They came to hug parents, hold loved ones and cradle babies they made but hadn’t met. They loaded up on cakes, grabbed cheap massages and pumped gas. After two years of tight restrictions, the border between Singapore and Malaysia, one of the world’s busiest crossings, has finally reopened. In the process, a key export resumed to the city-state’s larger neighbor about half a mile across the water: people.
This is about more than tearful reunions, as heartening as they are. It’s a big milestone in Southeast Asia’s journey from trying to quash Covid-19 to living with the disease. The economic recovery in either country can’t be complete without a relatively free flow of human capital alongside investment. Before Covid, more than 300,000 people crossed the boundary each day. As much as Singaporeans and Malaysians complain about each other, and for all the differences in politics and relative wealth, the resumption of cross-border travel has underscored just what’s been missing during the peak of the pandemic.
In the hours after the border fully reopened after midnight on April 1, thousands of Singapore residents streamed across the bridge over the Strait of Johor. That brought valuable cash into Johor Bahru — and the promise of more money to come. That prospect is lifting confidence among consumers and business in the Malaysian city. Six decades after Singapore divorced Malaysia and became a republic, the two countries remain intimately linked. Singapore gets power, water and labor from Malaysia. High-rise apartments lining the Johor coast are occupied by people who work in Singapore, or did before Covid. Think of New York and New Jersey, just add passports.

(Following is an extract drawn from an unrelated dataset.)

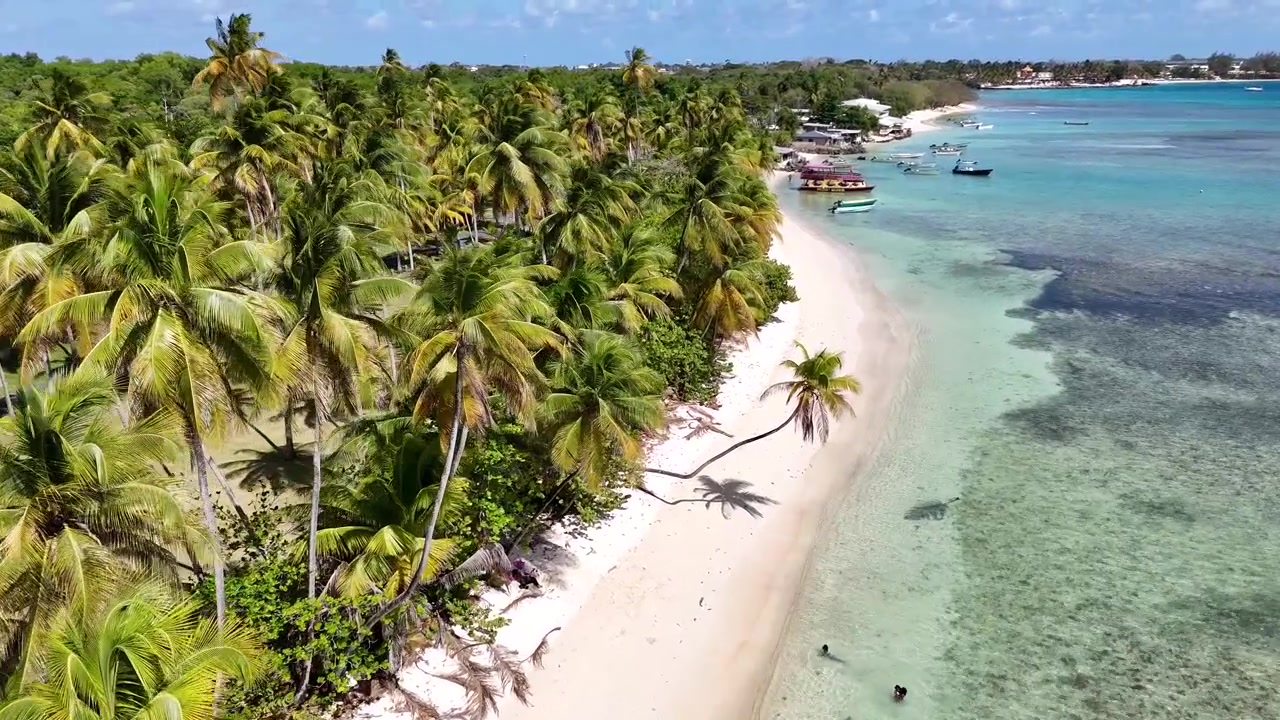 Ripresa drone che segue la fitta foresta di palme da cocco che costeggia la penisola di sabbia bianca di Pigeon Point, con una chiara barriera corallina oceanica turchese a Tobago, Trinidad e Tobago, filmato aereo.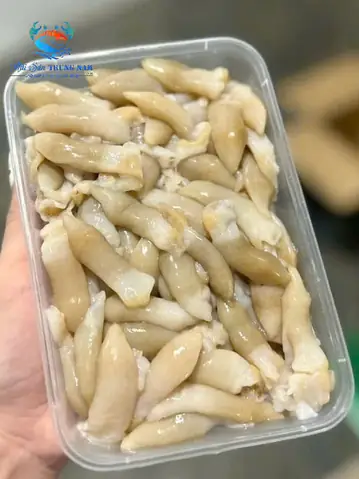 Cách Lấy Ruột Ốc Sống Không Bị Đứt, Lấy Trọn Thịt Nhanh Chóng Cho Các Loại Ốc Phổ Biến Cách Lấy Ruột Ốc Sống Không Bị Đứt, Lấy Trọn Thịt Nhanh Chóng Cho Các Loại Ốc Phổ Biến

The state of Johor accounts for about 10% of Malaysian gross domestic product and has been one of the hardest hit parts of the country. Singapore was Malaysia’s top source of visitors in 2019 with about 10 million arrivals. Just a fraction made it the following year, and most of those were crammed into the early months before lockdowns. “Johor suffered disproportionately,” Serina Rahman, visiting fellow at Singapore’s ISEAS-Yusof Ishak Institute, wrote in a report last year.
As Singapore prospered in the decades since separation, costs of manufacturing soared. Factories began to move across the water. Malaysia has land and relatively cheap labor, vital ingredients Singapore lacks, explained Teh Kee Sin, founding president of the SME Association of Johor Selatan. “The past two years have reminded us how important we are to each other,” Teh said in an interview at the factory he runs that makes parts for printers, bicycles and fishing reels. “Malaysian politicians sometimes say ‘Oh we don’t want to be Singapore’s backyard.’ I say, ‘What are you talking about?’”
For all the optimism, Johor is yet to see the big bucks from across the water. Many of those who came the first week were visiting family and quickly returned after the weekend, or even before. Spending isn’t their first priority, small business owners sat. Revenue is up roughly 20% since the weekend, said Lim Meng Chin, owner of Hiap Joo bakery, a haunt for devotees of banana bread, which was established in 1919. That still only takes it to around 80% of pre-Covid levels. “Before Covid, they were lined up to the end of the road,” he said in an interview. “Two things Singaporeans love are banana bread and fish-head curry.” In KSL mall, near the border checkpoint, Ching Ching is posting job openings at her foot reflexology business. Ching says she saw lots of traffic from Singaporeans the past weekend. Price is her advantage, with an hour-long foot treatment costing 48 ringgit ($11.40), about a third of what’s charged in Singapore’s suburbs. “Locals rarely come here,” Ching said.
There’s also a backlash building. Malaysian newspapers carried front page stories Wednesday complaining about Singaporeans allegedly filling up on gas that the Malaysian government subsidizes. The Johor division of Malaysia’s Ministry of Domestic Trade and Consumer Affairs said it will step up enforcement against operators caught selling the fuel to foreign-registered cars, with companies liable for fines of up to 2 million ringgit. Former Prime Minister Najib Razak, scouting for themes to advance his comeback after a corruption conviction, has highlighted the issue. A national election is due in about a year.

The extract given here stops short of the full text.